**TASK STATEMENT**. Write out, without any change, the lines in the material below that run from the line with "Chrome Hearts Pink" through the line with "5040 TANSANIT 6", both included.

**STUDY MATERIAL**.
•••
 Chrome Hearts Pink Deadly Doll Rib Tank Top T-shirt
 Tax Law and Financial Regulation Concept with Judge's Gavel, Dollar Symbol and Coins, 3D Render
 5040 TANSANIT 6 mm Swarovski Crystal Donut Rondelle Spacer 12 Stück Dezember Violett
•••
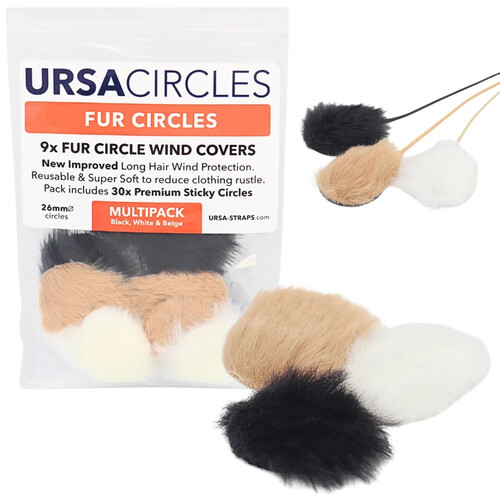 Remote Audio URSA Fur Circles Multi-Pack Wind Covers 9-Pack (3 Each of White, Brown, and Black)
•••
**ANSWER SPACE**.
 Chrome Hearts Pink Deadly Doll Rib Tank Top T-shirt
 Tax Law and Financial Regulation Concept with Judge's Gavel, Dollar Symbol and Coins, 3D Render
 5040 TANSANIT 6 mm Swarovski Crystal Donut Rondelle Spacer 12 Stück Dezember Violett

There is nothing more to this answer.